EXAMINER: You observe that Trump backers don’t take a lot of what he has to say at face value, understanding that he uses hyperbole. What do they think he would actually do as president?

ZAITCHIK: It won’t shock anyone to hear that a lot of people support Trump for reasons that have nothing to do with fine points of policy. They’re really responding to the fundamental energy and message of his candidacy — his anger, his perceived Robin Hood outsider-dom, his humor, his not-giving-a-s**t.

Even the wall, his central campaign promise, is seen by a lot of people as a dramatic stand-in for getting serious about border security. The closer you get to the border, the more Trump supporters laugh out loud at the wall, or wave it off.

But again, the whole point of the book was to get away from generalizing too much about millions of people. Sometimes the best thing is to give up trying to figure people out as part of a group, or a political wave, and just have a beer with them as a fellow American. With the tape recorder rolling.

EXAMINER: You’re headed to South America tonight on a mission. Can you tell us about that?

ZAITCHIK: A number of indigenous tribes are gathering for a congress in Colombia’s southern Amazon region next week. The idea is to devise a strategy for resisting the land grab and penetration by industry that’s sure to follow the recent peace settlement.

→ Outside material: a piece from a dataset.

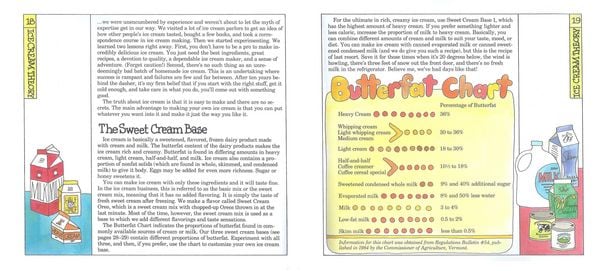 Produktbild: Ben and Jerry's Homemade Ice Cream and Dessert Book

One of my beats is the intersection of indigenous rights and rainforest preservation, one of the great underreported stories of our time. Mining and oil development is rampant throughout the western Amazon, and it threatens the entire rainforest if it continues. These tribes are down there fighting incredibly brave, dangerous, and lonely battles. Instead of spending money on “Avatar” sequels, we’d do well to support the real-world version taking place in our hemisphere.